Doch gerade weil Frederick auf den ersten Blick so durchschnittlich wirkt, ist ein Spaziergang durch seine überschaubare Innenstadt besonders lehrreich. Die Stadt nämlich ist ein ungeplantes Freiluftexperimentierfeld für eine Entwicklung, die derzeit die USA mehr verändert als mancher US-Präsident. Letzten Monat erst haben Arbeiter hier ein Einkaufszentrum abgerissen. Und in der verbliebenen Francis Scott Key Mall am Stadtrand – benannt nach dem Autor der US-Nationalhymne, der auf dem Drive-through-Friedhof von Frederick begraben liegt – herrscht an einem Samstagmittag gespenstische Leere.
Frederick ist kein Einzelfall: Ließen in der Zeit von 1955 bis 2005 im ganzen Land 1.500 neue Einkaufszentren viele Innenstädte veröden, so hat die Entwicklung mittlerweile offenbar ihren Zenit längst überschritten. Die Immobilienmarktexperten von Green Street Advisors gehen davon aus, dass 15 Prozent der Zentren bis zum Ende des Jahrzehnts schließen. Branchenexperte Howard Davidowitz sieht sogar jede zweite Mall scheitern. Das Internet ist noch bequemer als ein klimatisierter All-in-Einkaufstempel mit Riesenparkhaus.
Die Leute wollen nach draußen
„Aber das Internet ist daran nicht allein schuld. Die Leute wollen wieder nach draußen. Und sie wollen Beratung und Anregung und dass ihr Geld in der Gemeinde bleibt“, sagt Tom England und öffnet die Tür zum Dancing Bear, seinem Spielwarengeschäft in der Patrick Street von Frederick.
Ist das ein Feuerwehrhelm, der da verkehrt herum auf dem Fußboden kullert? Tom England möchte sich nicht festlegen. „Das denken die meisten zuerst wegen der roten Farbe“, sagt der Geschäftsmann.

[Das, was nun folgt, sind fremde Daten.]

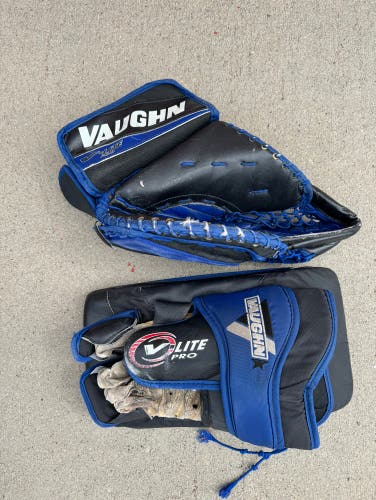 Used  Vaughn  Blocker And Glove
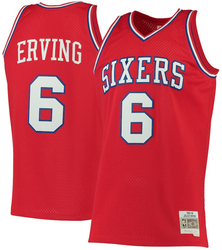Julius Erving Jersey - Red Philadelphia 76ers Swingman Adult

„Sehen Sie, man könnte das Ding auch als Obstkorb benutzen oder eine Spielzeugeisenbahn drunter durchfahren lassen. Dann wäre es ein Tunnel“, überlegt Tom weiter und dreht das Spielzeug nun mit gespielter Unschlüssigkeit in den Händen. „Machen Sie damit doch, was Sie wollen.“ Im Internet lässt sich so lchein Spielzeug freilich nicht verkaufen. „Das muss man anfassen, anschauen und ausprobieren“, findet Tom. Seit 16 Jahren ist genau das sein Geschäftsmodell. Damals machte sich der Pharmazeut im Staatsdienst mit seinem Laden selbstständig. Dinosaurierfiguren von Schleich, Stofftiere, Handpuppen, Brettspiele, Devilsticks zum Jonglieren – alles persönlich getestet und garantiert ohne Batterien – sind im Angebot.

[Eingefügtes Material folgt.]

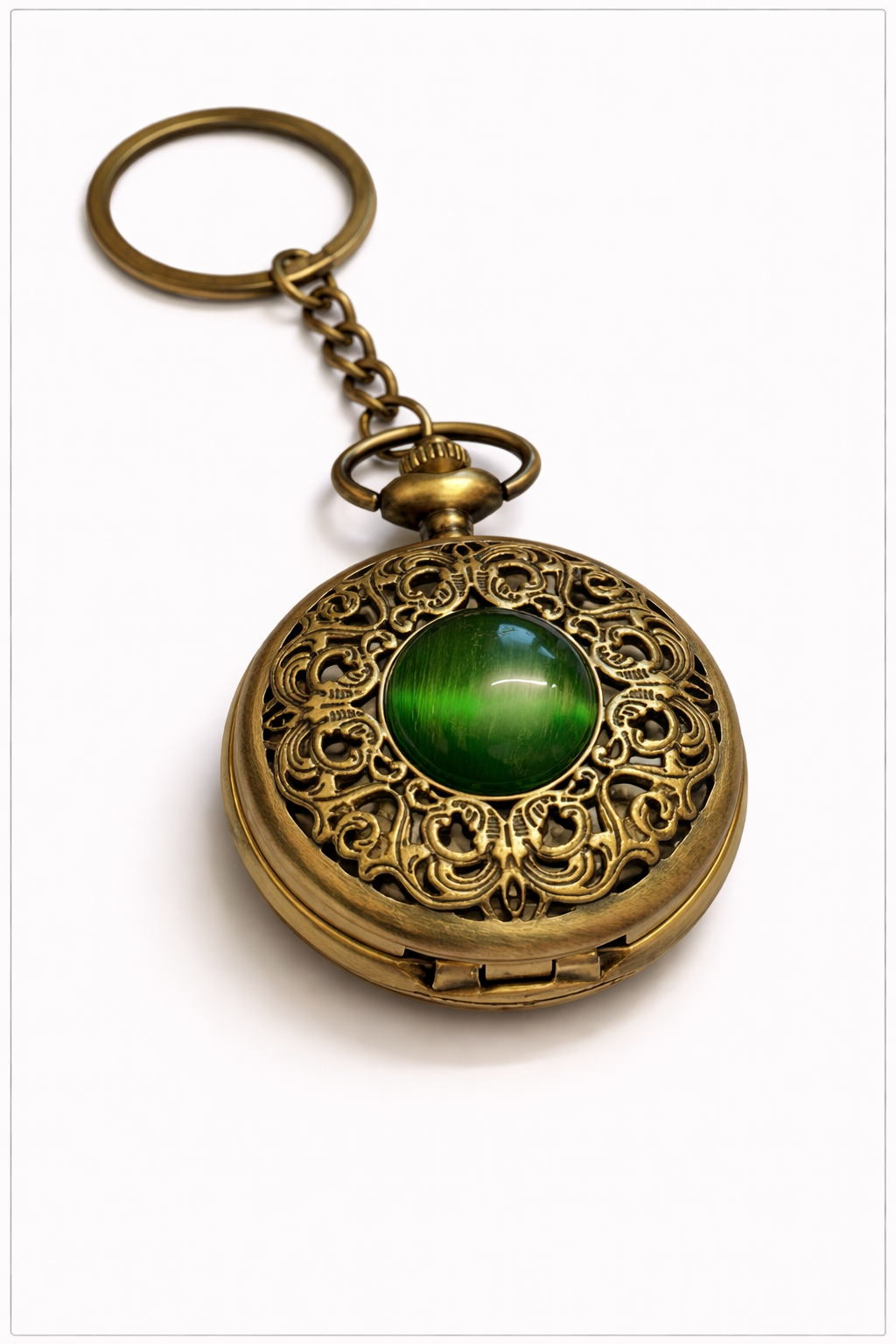 Green Gemstone Watch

„Spielcomputer sagen: Drücke eine Taste. Dann passiert etwas. Das macht doch nicht kreativ“, erklärt Tom seine Einstellung. Und damit ist er nicht mehr allein: „Hier kommen viele Eltern mit leuchtenden Augen rein. Die erleben ihre eigene Kindheit nach. Und die Kinder schätzen auch das, was ihre Eltern mögen“, lässt Tom nun eine Handpuppe in Gestalt eines Fischotters sagen und grinst dazu. Jüngst ist er mit seinen neun Angestellten in ein größeres Ladenlokal umgezogen.

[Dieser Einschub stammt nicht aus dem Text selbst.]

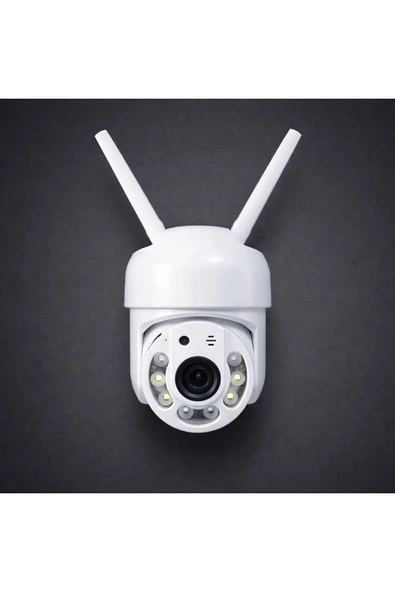 ALKESE 3MP TEK ONVİF DESTEKLİ PTZ WIFI KAMERA YAPAY ZEKALI DIŞ CEPHE KABLOSUZ GÜVENLİK KAMERASI ürün görseli 1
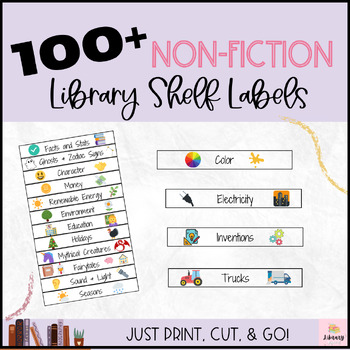 Preview of Elementary Library Non-Fiction Dewey Shelf Labels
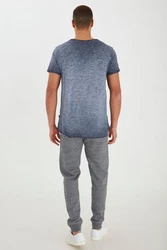 Blend Rundhalsshirt BLEND BHMino Grau/Hellblau/Dunkelblau/Hellgrau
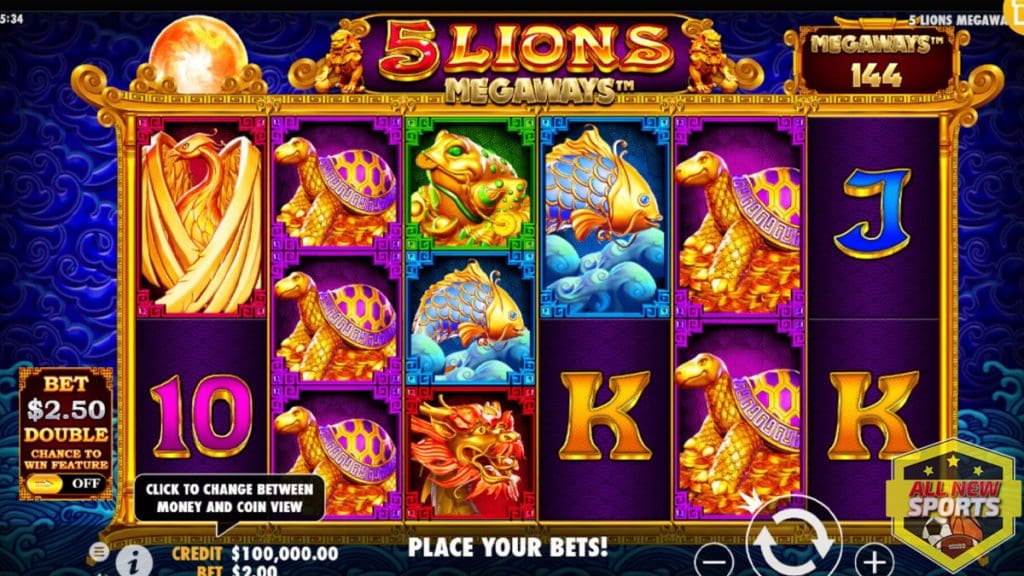 Login Cnnslot 6 Payline Terbaik 5 Lions Megaways!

Ist Tom England ein Träumer auf der vergeblichen Suche nach der guten alten Zeit? 7.000 privat geführte Spielwarengeschäfte gebe es inzwischen landesweit, schätzt er. Sie seien gut vernetzt und hülfen sich mit Tipps und gemeinsamen Einkäufen. Auch in der Stadt hat Tom längst Verstärkung. Tritt man wieder aus seinem Laden, dann fällt der Blick auf gepflegte Häuser mit Giebeln und Schmuckputz, einige haben geschmiedete Geländer, viele noch aus dem vorletzten Jahrhundert.
Die Geschäfte laufen blendend
Ein Bestattungswagen steht am Bordstein. Auf der Rückseite wirbt das Gefährt etwas morbide für „Cakes to die for“ – eine lokale Konditorei. Nebenan bewirbt jemand mit Malkreide auf dem Bordstein die 60 Sorten Olivenöl in seinem Feinkostgeschäft. Bei „Zoe’s“ gibt es dicke Schokoladentrüffel aus eigener Herstellung. Die passten auch erstaunlich gut zu den Bieren aus der lokalen „Flying Dog“-Brauerei, meint die Angestellte. Wenige Schritte weiter hat vor zehn Monaten Sharon Crisafulli im Alter von 50 Jahren ihren Käseladen eröffnet. Anders als all die Walmarts und Safeways verkauft sie Käse nicht nur eingeschweißt, sondern frisch aufgeschnitten und nach persönlicher Beratung.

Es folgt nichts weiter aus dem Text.